Researchers have found a way to turn a short video of a room into a 3D digital twin (a virtual copy of a real space). This digital twin lets users open drawers, cabinets, and move objects on a countertop. A digital twin is a detailed model that mimics a real place and can be used for things like making realistic video games or teaching robots to work in specific rooms. The process starts with a simple video, even one taken with a phone, and turns it into an interactive space.
The technology uses artificial intelligence (AI). The researchers combined different AI models to create this digital twin. One model makes the images look nice, while another ensures the room’s measurements are correct. They also added a perception module, a part that figures out which objects can move and how, like how a drawer should slide. Another model fills in the unseen parts, like the inside of a drawer, to make the twin complete.
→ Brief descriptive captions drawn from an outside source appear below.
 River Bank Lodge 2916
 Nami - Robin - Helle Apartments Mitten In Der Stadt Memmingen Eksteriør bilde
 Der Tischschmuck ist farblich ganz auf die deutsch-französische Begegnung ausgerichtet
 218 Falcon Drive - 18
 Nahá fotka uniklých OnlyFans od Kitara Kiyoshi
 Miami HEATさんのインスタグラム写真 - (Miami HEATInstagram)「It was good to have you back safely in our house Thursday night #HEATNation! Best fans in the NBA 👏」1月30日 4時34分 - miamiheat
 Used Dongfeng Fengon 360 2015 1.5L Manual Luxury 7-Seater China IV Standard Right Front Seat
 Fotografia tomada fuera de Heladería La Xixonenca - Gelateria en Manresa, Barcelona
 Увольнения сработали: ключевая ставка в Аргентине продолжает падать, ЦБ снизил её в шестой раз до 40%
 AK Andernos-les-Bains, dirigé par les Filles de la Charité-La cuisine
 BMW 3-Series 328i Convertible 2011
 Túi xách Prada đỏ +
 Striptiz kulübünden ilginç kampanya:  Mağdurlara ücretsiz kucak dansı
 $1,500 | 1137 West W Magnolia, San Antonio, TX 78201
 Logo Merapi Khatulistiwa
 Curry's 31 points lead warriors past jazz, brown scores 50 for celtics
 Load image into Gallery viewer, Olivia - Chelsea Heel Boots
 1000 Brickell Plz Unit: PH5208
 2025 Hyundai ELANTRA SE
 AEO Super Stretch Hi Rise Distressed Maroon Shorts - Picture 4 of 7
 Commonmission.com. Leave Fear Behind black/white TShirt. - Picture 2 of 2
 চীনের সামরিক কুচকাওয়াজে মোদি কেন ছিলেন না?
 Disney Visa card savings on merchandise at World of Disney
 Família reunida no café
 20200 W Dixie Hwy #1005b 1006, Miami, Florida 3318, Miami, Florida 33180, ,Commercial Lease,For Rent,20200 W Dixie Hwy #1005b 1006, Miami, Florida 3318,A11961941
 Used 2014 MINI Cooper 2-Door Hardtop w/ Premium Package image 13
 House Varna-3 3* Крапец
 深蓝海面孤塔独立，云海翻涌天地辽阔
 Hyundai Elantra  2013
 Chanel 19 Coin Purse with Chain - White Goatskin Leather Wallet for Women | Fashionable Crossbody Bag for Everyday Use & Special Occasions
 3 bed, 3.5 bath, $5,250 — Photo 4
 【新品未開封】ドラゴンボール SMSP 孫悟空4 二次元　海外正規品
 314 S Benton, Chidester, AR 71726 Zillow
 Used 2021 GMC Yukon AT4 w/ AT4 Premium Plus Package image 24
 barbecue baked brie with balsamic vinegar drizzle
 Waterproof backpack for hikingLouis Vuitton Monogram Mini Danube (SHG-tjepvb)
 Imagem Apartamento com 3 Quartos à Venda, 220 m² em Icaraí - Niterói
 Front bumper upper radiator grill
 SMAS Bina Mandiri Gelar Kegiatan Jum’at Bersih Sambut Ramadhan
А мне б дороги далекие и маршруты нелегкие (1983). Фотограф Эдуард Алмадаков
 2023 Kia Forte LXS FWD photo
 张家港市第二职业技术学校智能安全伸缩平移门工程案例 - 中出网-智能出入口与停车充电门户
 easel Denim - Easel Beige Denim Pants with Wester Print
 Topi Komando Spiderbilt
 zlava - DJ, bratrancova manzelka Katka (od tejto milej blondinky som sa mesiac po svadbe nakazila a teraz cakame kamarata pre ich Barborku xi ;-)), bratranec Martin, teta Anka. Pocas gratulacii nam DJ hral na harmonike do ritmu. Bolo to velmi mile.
Uses in games and robot training
This digital twin works with game engines, the software used to build video games. Researchers showed this by making a game where players knock over kitchen items like a kettle with balls. The twin can also train robots through a process called real-to-sim-to-real transfer, where a robot learns in the virtual space and then applies it in the real world. For example, a robotic arm was trained on a kitchen twin and successfully put objects in a drawer.
The researchers see this as a way to train robots cheaply and safely by uploading a home video to prepare them before delivery. Right now, it works with hard objects like a kettle, but plans include adding soft or breakable items like cloth or windows. The goal is to expand beyond single rooms to entire buildings or outdoor areas, which could help design cities or improve farming.
Support for this work came from companies like Intel and Meta, as well as government groups. The researchers aim to eventually create more and more digital twins of many types of space, opening up many future possibilities.
This research has been presented at a conference on computer vision and pattern recognition.